- Text on paper/tablet for students to use
Punctuation to Punctuation provides a low-risk way for participants to read and re-read, question, and respond to a complex text. Participants and the facilitator share in constructing their understanding of individual words, patterns in the text, and possible meanings of the full passage.
Gather group in a seated circle and provide a copy of the complex text being used for each participant. Explain the group will read and respond to the text over multiple rounds. (Round 1) A designated participant will begin to read the text aloud; they will stop when they arrive at a punctuation mark (-- : ; , . ! ?). Then, the next participant in the circle will read until they reach a punctuation mark. This may mean that a person reads only one word, e.g., car, or an entire sentence.
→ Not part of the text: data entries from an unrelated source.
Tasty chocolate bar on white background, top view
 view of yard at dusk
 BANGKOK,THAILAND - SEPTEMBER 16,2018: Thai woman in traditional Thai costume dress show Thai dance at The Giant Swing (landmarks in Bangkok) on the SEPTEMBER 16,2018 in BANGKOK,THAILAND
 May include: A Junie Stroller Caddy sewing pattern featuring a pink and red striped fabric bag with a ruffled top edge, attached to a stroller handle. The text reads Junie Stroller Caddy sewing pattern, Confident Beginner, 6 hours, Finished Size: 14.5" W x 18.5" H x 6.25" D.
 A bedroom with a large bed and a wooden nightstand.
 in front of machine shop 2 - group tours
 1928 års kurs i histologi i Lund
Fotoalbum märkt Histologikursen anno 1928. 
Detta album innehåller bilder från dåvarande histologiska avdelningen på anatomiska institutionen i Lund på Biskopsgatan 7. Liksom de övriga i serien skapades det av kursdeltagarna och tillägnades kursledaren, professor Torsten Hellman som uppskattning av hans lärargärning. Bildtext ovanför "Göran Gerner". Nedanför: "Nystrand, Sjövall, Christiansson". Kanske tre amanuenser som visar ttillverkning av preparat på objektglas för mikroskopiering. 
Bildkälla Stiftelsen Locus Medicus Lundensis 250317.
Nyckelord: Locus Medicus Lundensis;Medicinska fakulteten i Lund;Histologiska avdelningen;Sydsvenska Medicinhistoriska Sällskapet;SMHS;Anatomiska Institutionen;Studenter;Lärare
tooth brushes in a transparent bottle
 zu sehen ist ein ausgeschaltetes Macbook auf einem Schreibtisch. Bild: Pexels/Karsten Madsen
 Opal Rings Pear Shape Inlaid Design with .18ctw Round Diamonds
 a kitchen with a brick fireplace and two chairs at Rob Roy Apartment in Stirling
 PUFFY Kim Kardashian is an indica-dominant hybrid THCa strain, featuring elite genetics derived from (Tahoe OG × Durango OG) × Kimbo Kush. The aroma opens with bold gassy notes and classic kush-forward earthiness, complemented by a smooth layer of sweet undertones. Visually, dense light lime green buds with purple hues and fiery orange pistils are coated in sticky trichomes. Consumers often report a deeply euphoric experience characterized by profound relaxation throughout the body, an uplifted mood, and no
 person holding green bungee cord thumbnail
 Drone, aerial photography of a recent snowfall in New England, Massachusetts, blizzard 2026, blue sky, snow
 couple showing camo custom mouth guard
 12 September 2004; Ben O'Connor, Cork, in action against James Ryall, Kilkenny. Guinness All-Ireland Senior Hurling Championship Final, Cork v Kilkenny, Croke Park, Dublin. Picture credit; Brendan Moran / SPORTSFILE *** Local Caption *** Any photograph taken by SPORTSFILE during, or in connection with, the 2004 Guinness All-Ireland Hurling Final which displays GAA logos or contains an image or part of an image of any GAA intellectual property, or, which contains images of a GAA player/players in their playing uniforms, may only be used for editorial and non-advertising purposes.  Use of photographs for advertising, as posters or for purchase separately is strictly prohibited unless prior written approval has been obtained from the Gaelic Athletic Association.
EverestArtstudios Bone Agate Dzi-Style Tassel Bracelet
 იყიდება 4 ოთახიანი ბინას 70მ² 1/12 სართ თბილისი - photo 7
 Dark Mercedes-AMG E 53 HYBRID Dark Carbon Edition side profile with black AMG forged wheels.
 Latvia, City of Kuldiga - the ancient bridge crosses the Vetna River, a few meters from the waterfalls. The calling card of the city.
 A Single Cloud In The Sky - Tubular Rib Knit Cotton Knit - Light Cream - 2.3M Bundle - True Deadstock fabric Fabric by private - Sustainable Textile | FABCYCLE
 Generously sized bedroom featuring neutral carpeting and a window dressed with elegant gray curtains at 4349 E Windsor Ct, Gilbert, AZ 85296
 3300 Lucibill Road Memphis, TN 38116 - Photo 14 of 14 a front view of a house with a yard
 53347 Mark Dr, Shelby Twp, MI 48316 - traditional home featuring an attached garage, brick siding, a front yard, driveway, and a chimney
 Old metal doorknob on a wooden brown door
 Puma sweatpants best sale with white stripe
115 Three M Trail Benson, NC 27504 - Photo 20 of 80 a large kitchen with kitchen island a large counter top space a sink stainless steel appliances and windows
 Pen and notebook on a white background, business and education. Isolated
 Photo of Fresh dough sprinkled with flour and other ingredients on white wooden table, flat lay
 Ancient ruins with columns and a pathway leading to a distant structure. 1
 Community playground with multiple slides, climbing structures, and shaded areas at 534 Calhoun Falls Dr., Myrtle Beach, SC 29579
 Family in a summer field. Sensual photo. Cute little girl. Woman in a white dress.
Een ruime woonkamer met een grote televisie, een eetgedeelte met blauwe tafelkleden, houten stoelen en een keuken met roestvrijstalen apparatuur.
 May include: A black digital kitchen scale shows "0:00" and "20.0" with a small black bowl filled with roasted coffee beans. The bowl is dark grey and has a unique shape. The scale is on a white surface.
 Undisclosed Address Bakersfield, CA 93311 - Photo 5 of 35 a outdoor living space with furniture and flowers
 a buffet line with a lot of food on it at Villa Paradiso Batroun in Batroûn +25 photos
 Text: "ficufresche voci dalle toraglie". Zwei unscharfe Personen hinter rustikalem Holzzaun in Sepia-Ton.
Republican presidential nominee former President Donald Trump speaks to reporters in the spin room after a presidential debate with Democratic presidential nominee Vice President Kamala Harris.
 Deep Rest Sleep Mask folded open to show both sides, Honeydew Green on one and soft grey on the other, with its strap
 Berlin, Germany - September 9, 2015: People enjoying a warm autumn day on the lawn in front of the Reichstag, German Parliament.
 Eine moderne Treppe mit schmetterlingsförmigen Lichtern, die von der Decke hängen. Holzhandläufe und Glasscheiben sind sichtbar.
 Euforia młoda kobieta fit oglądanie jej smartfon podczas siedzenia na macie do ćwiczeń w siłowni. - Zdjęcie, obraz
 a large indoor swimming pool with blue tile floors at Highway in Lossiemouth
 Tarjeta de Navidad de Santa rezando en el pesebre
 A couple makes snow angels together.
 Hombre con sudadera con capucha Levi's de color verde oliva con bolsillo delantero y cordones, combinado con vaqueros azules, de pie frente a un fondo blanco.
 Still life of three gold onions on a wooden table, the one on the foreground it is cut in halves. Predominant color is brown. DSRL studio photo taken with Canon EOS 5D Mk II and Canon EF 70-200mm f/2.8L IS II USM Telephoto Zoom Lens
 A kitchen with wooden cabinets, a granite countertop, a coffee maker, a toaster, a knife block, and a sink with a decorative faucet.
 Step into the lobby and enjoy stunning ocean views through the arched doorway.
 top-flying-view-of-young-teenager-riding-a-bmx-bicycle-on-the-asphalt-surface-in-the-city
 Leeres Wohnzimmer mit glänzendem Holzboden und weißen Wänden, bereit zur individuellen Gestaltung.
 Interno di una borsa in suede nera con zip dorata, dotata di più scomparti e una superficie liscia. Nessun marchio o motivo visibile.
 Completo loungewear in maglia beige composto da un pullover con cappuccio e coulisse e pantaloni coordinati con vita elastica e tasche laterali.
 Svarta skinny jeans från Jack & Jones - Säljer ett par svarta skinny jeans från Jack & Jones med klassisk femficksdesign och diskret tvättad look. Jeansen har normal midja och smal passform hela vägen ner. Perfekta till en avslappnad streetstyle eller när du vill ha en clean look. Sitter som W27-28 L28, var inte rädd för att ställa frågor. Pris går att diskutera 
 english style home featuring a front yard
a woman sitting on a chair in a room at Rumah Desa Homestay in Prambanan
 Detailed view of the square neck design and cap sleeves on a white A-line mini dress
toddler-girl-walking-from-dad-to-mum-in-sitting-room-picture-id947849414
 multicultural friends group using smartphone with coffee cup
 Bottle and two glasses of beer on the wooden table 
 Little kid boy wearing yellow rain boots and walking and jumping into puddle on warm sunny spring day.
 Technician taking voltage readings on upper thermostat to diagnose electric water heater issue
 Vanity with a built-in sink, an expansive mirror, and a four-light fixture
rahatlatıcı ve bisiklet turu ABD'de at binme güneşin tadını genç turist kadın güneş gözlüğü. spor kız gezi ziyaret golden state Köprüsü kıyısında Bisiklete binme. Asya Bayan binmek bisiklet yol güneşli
Keep reading around the circle, punctuation to punctuation, until everyone gets an opportunity to read and the text has ended. Re-start the text again from the beginning if necessary. (Round 2) Next, the text is re-read from the beginning, changing readers at each punctuation, but this time participants also say “Stop!” if there is a word that is confusing or not understood. When stopped, the group works together to make meaning of the confusing word or phrase; continue until the full text has been read and all “Stops” are answered. (Round 3) All participants stand and begin to walk as they read the text out loud together from the beginning. At each punctuation mark, participants change the direction of their walking until the text is finished.
- What did you notice about the text and yourself during this activity?
- In Round 3, what points in the text were you turning and at what points were you walking straight? How might that inform our understanding of this text?
- How does our understanding of this text shape or shift our larger inquiry?
- In Round 3 walk slowly and be aware of others as you shift directions; we need to be respectful of other bodies in space.
- When re-reading the passage, allow participants to paraphrase and interpret their P2P section.
- READING: Before walking the text, invite all participants to read the text aloud together. At predetermined points, offer interpolated questions and comments (Example from Midsummer Night’s Dream: Facilitator: What shall I do? Participants (reading): Therefore, fair Hermia, question your desires. Facilitator: What else? Participants (reading): Know of your youth, examine well your blood.)
- When walking the text, ask participants to change directions based upon the type of punctuation mark: (-- : ; ,) = 90° turn and the full stop (. ! ?) = 180°.